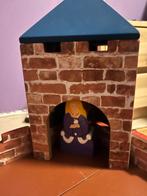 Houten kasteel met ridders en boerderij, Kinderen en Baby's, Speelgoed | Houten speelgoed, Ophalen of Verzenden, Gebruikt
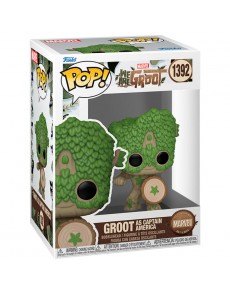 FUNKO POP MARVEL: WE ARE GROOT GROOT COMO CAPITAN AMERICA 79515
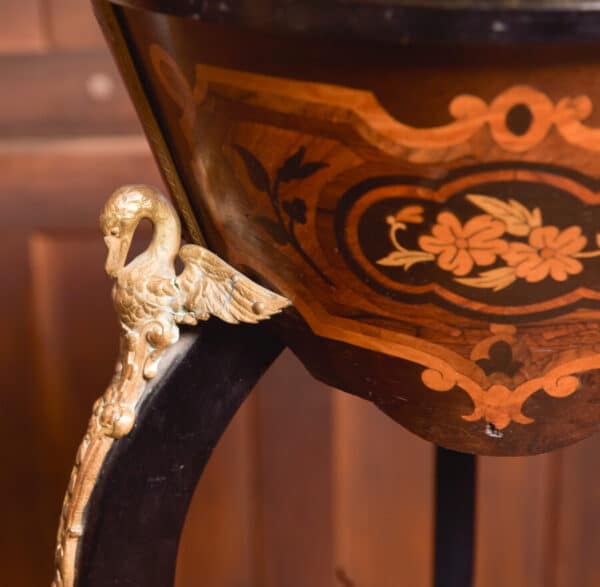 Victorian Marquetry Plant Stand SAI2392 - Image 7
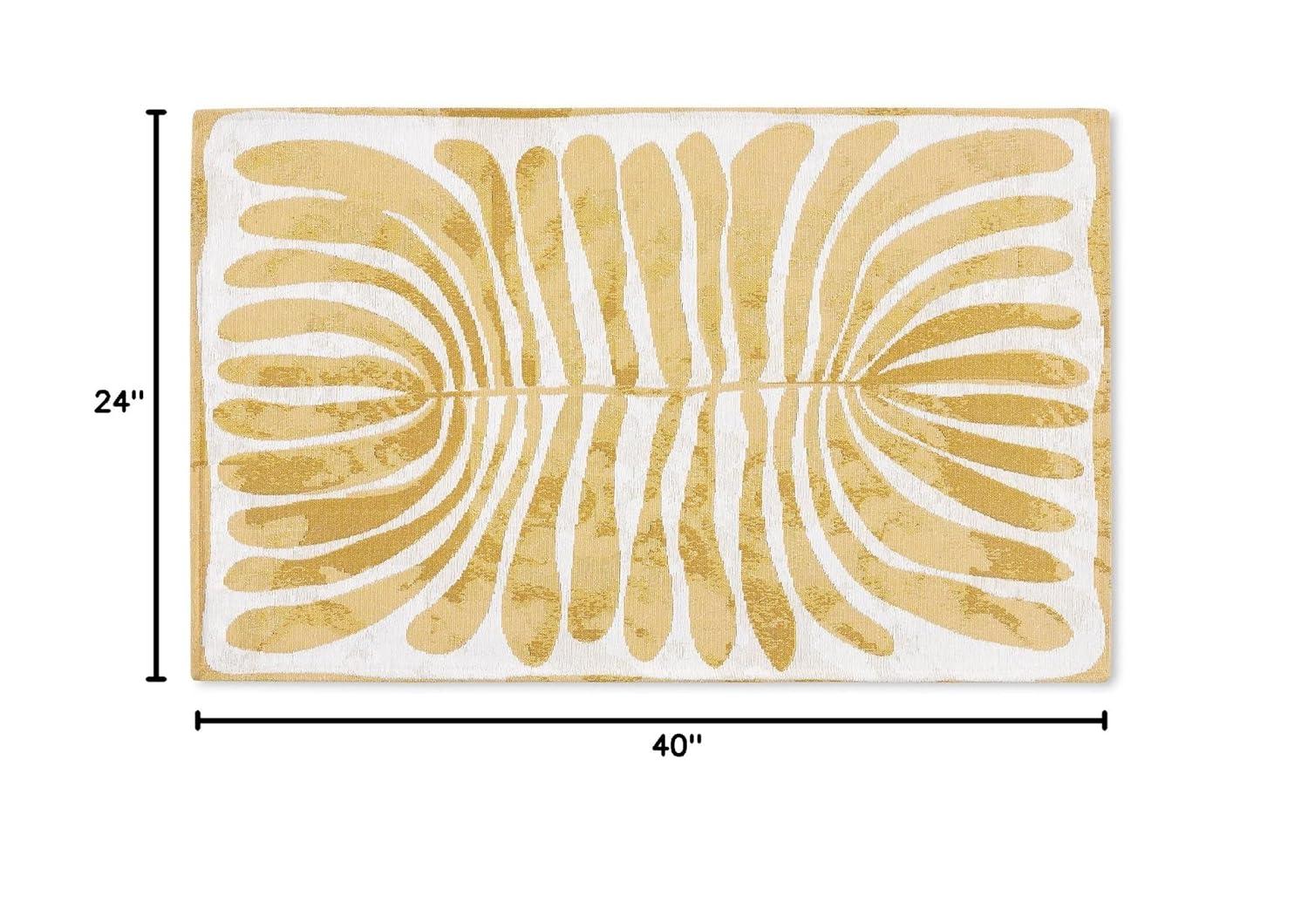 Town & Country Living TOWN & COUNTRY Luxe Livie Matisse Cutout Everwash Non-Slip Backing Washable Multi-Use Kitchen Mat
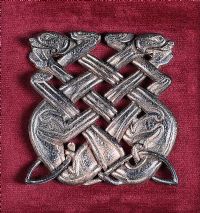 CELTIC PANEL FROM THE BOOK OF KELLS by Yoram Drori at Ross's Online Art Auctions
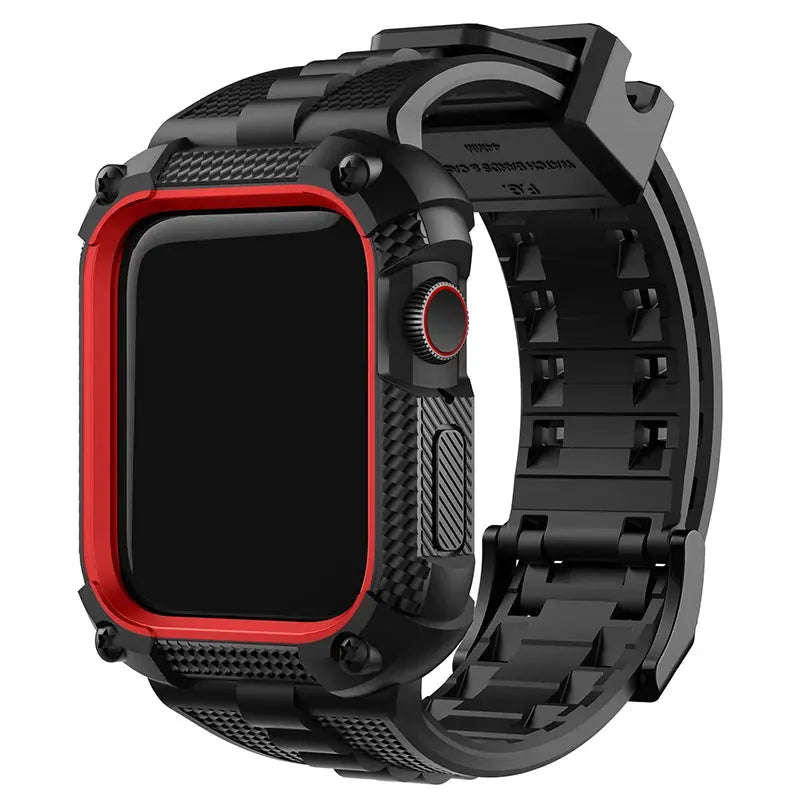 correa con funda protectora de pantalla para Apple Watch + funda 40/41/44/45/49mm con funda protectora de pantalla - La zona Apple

--

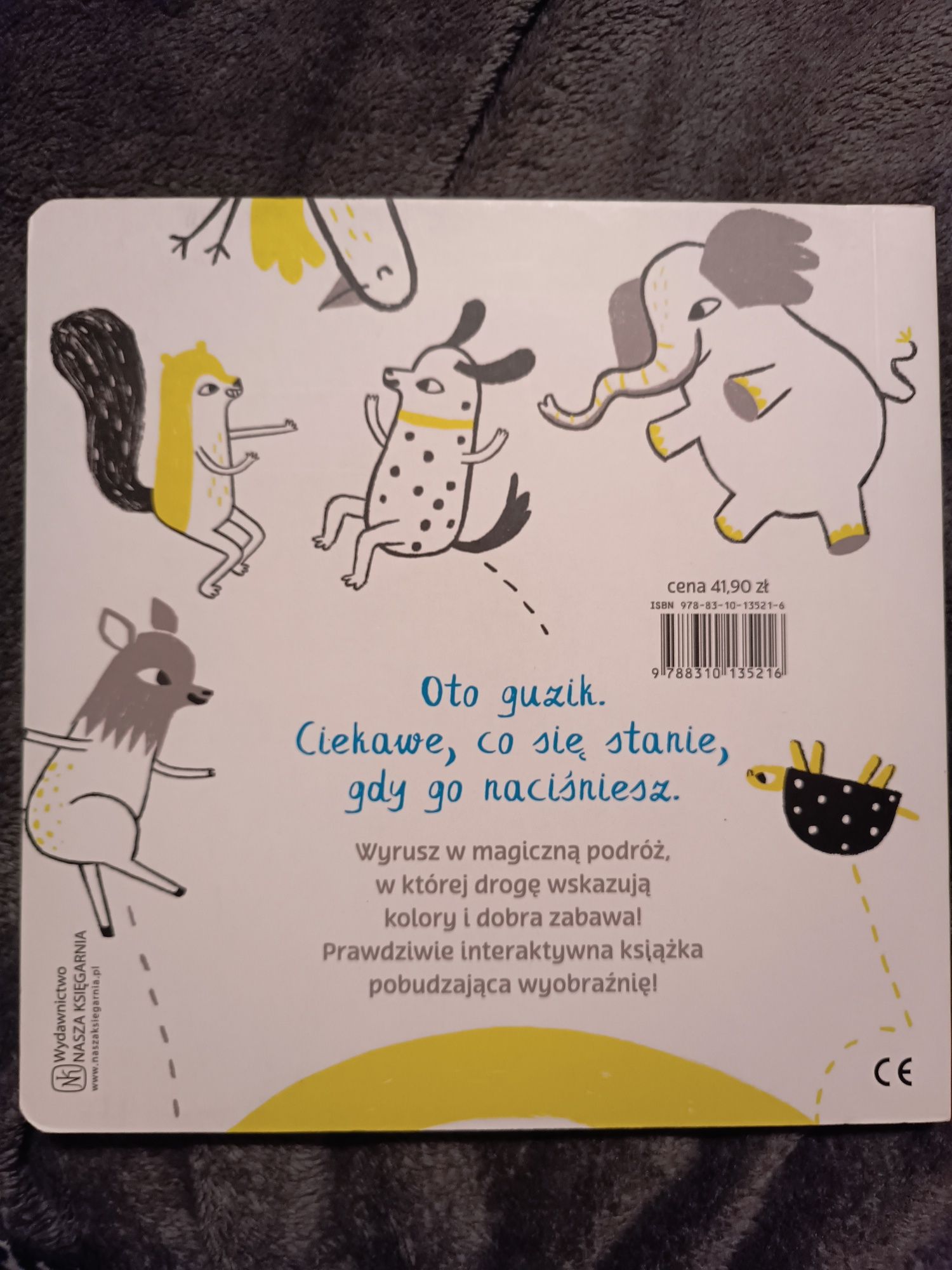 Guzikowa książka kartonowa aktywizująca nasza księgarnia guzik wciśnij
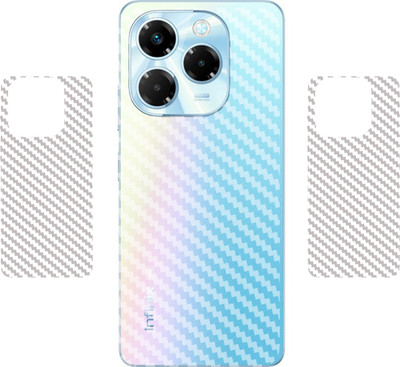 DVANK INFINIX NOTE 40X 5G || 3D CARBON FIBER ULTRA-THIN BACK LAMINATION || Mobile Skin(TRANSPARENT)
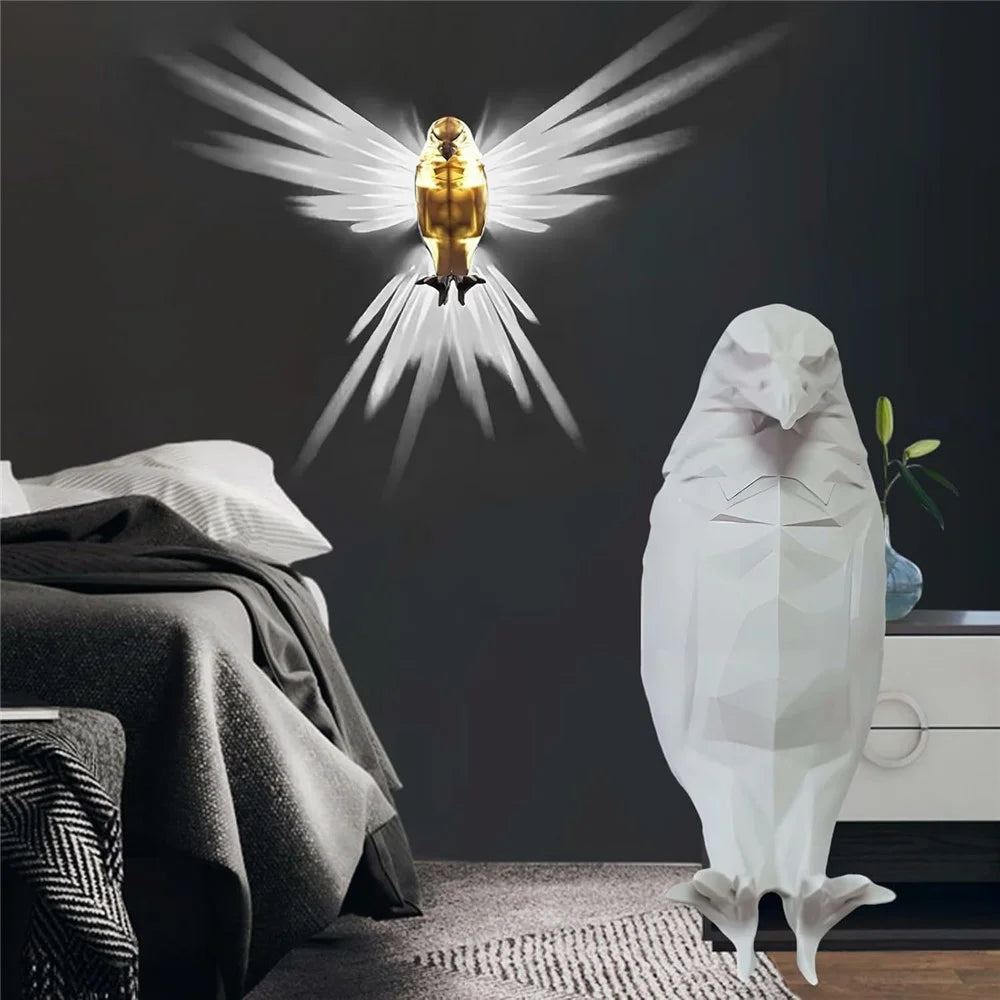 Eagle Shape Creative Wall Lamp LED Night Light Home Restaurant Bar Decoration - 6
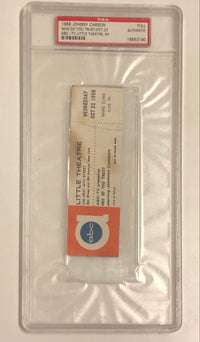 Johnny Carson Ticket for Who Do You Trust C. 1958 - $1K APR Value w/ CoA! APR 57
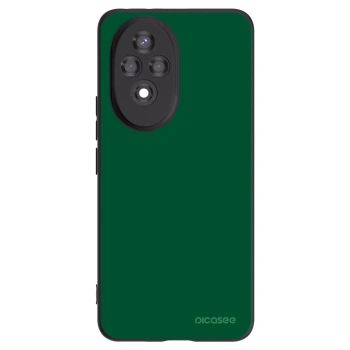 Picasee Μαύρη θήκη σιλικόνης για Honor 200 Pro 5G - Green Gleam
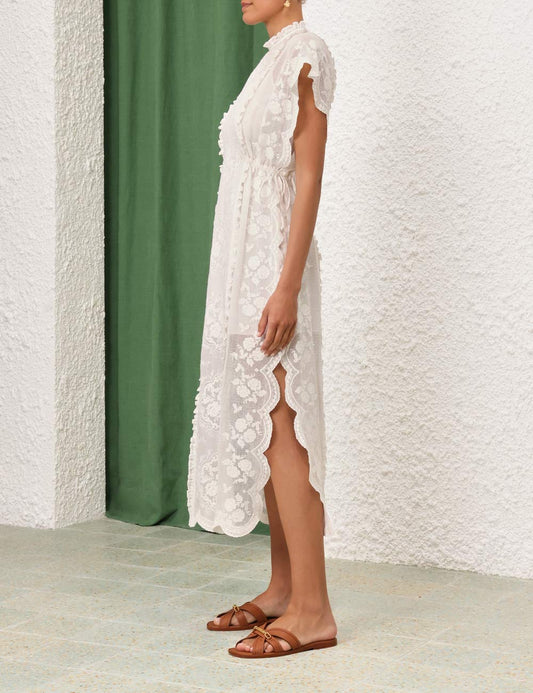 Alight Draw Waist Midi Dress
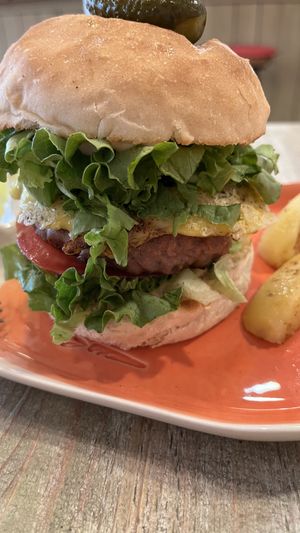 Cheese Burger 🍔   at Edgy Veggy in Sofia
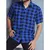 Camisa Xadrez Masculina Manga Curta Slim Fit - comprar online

INSTRUCTIONS FOR THE TASK:
Reproduce the data above exactly, but only from the line containing "Johnny Carson Ticket" through the line containing "Camisa Xadrez Masculina"; skip the pictures.

RESPONSE TO THE TASK:
 Johnny Carson Ticket for Who Do You Trust C. 1958 - $1K APR Value w/ CoA! APR 57
 Picasee Μαύρη θήκη σιλικόνης για Honor 200 Pro 5G - Green Gleam
 Alight Draw Waist Midi Dress
 Cheese Burger 🍔   at Edgy Veggy in Sofia
 Camisa Xadrez Masculina Manga Curta Slim Fit - comprar online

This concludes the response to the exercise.